Barbecue Overview
Barbecue Background
Barbecue (also barbeque, BBQ, Bar-B-Que, or barbie) is a term used to describe both a method and the appropriate tools for cooking food, often meat, with the heat, hot gases, and smoke of a fire. The fuels commonly used to barbecue are smoking wood, hot coals, charcoal, electricity, propane, or natural gas. The cooking process may include application of a vinegar or tomato-based sauce to the meat.
The term as a noun can refer to foods cooked by this method (barbecue ribs), to the cooker itself (barbecuer, barbecue cook, barbecue chef), or to a party that includes such food (we are having a barbecue). The term is also used as a verb for the act of cooking food in this manner (he is babecueing). Barbecue is usually cooked outdoors where the meat is heated by the smoke of wood or charcoal, or with propane or natural gases. Restaurant barbecue may be cooked in large brick or metal ovens specially designed for that purpose.
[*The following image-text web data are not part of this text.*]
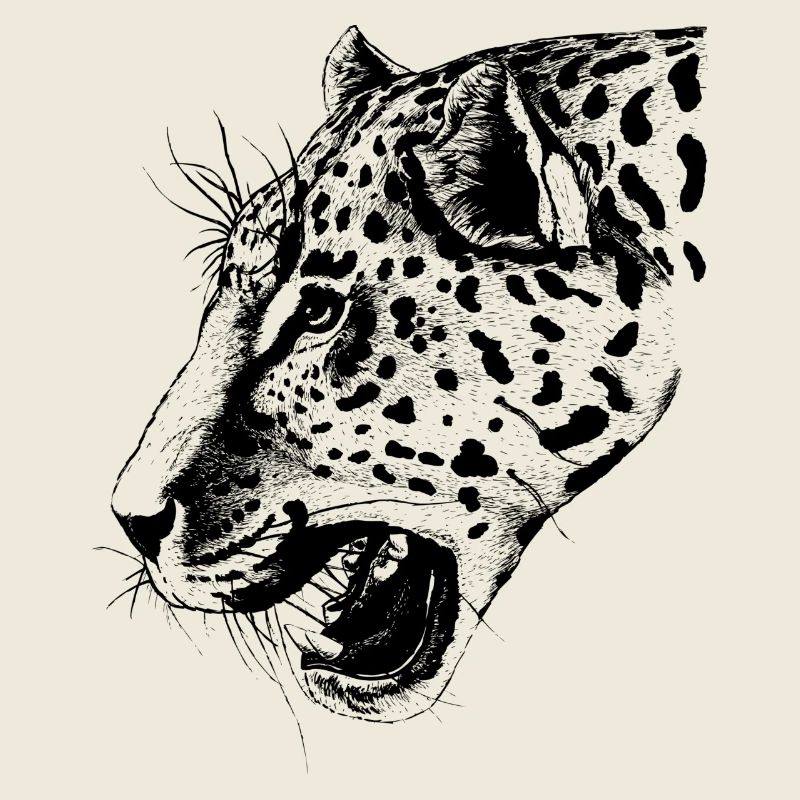 leopard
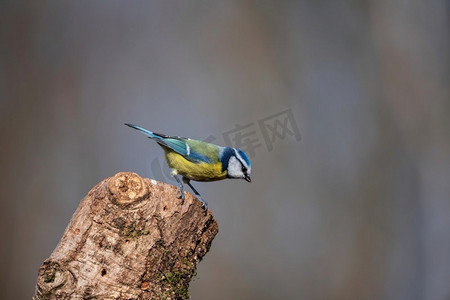 美丽的春天风景图像蓝山雀Cyanistes Caeruleus鸟在森林栖息在树枝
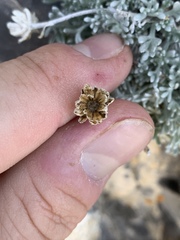 Artemisia constricta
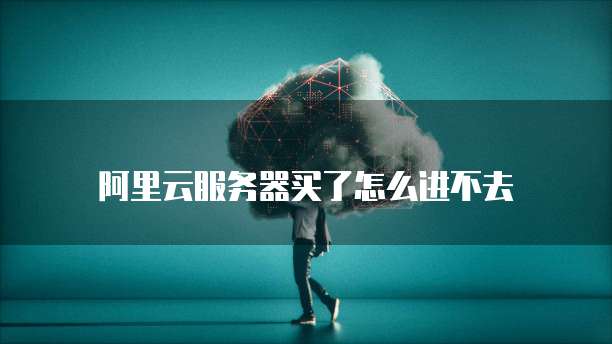 阿里云服务器买了怎么进不去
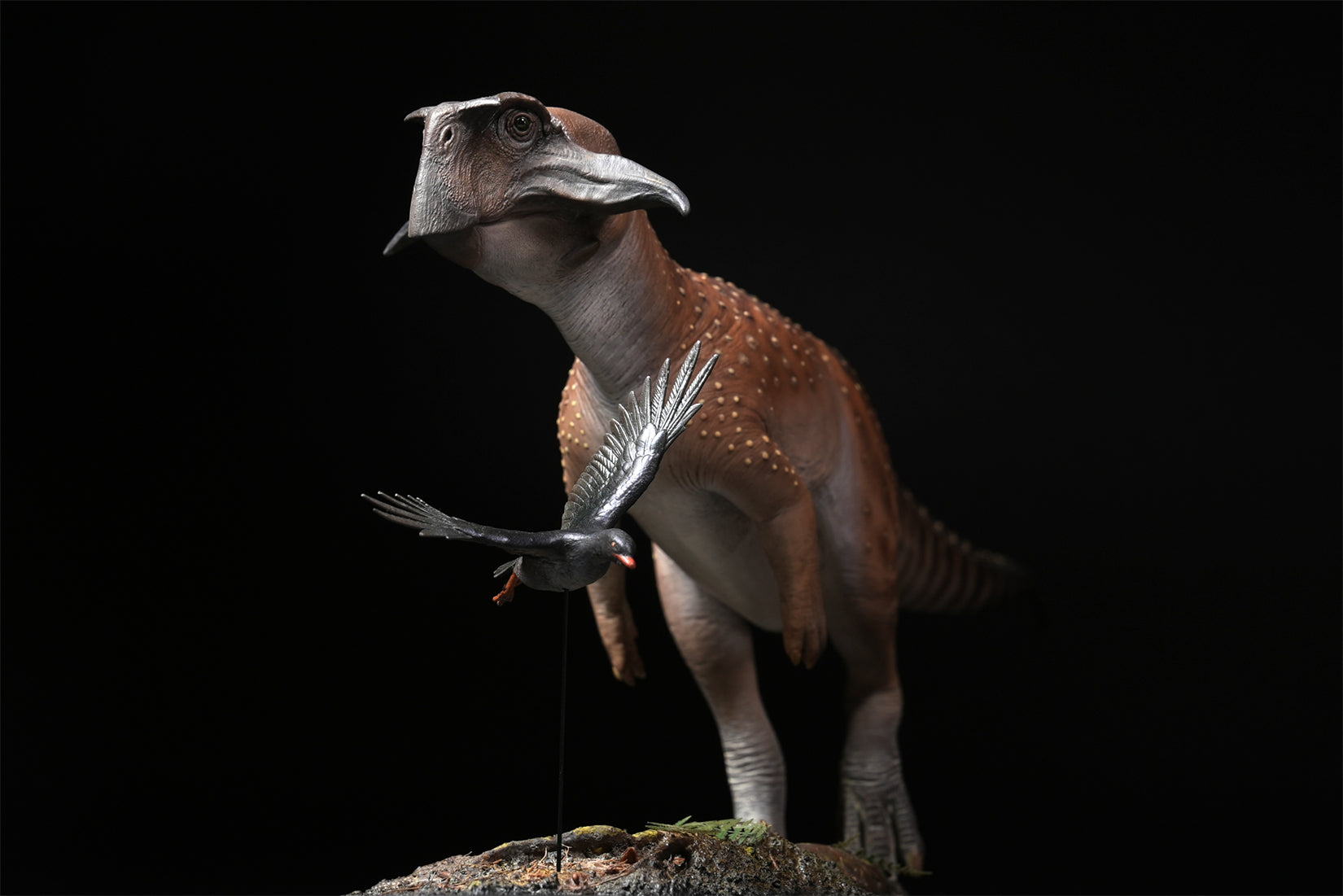 De CLAY Studio Psittacosaurus sibiricus Model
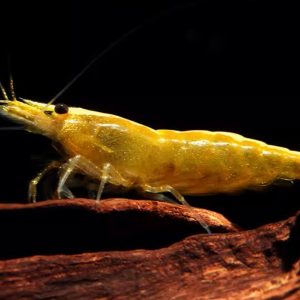 Golden Back Yellow Shrimp | Golden Stripe Yellow Dwarf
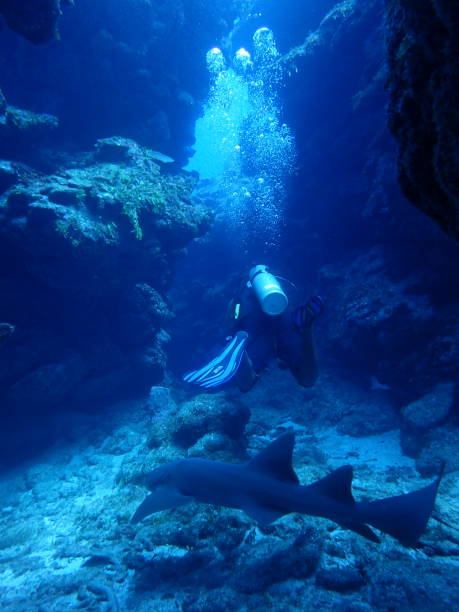 istock Nurse shark with scuba diver 1398888955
Barbecue has numerous regional variations in many parts of the world. Notably, in the South and Midwest of the U.S., cooks and chefs consider barbecue to include only indirect methods of cooking where the heat never directly touches the meat, but instead, it travels in an offset path to cook the meat. The more direct, high-heat method or cooking is called grilling. For those who distinguish between the terms, grilling is almost always a fast process over high heat and barbecue is almost always a slow process using indirect heat and/or hot smoke. For example, in a typical home grill, grilled foods are cooked on a grate directly over hot charcoal; while in barbecuing, the coals are dispersed to the sides or at significant distance from the grate. Alternately, an apparatus called a smoker with a separate fire box may be used. Hot smoke is drawn past the meat by convection for very slow cooking under a much lower temperature. This is essentially how barbecue is cooked in most genuine "barbecue" restaurants. Many people consider this to be a separate, distinct cooking process called smoking. The slower methods of cooking break down the collagen in meat and tenderize tougher cuts for easier eating.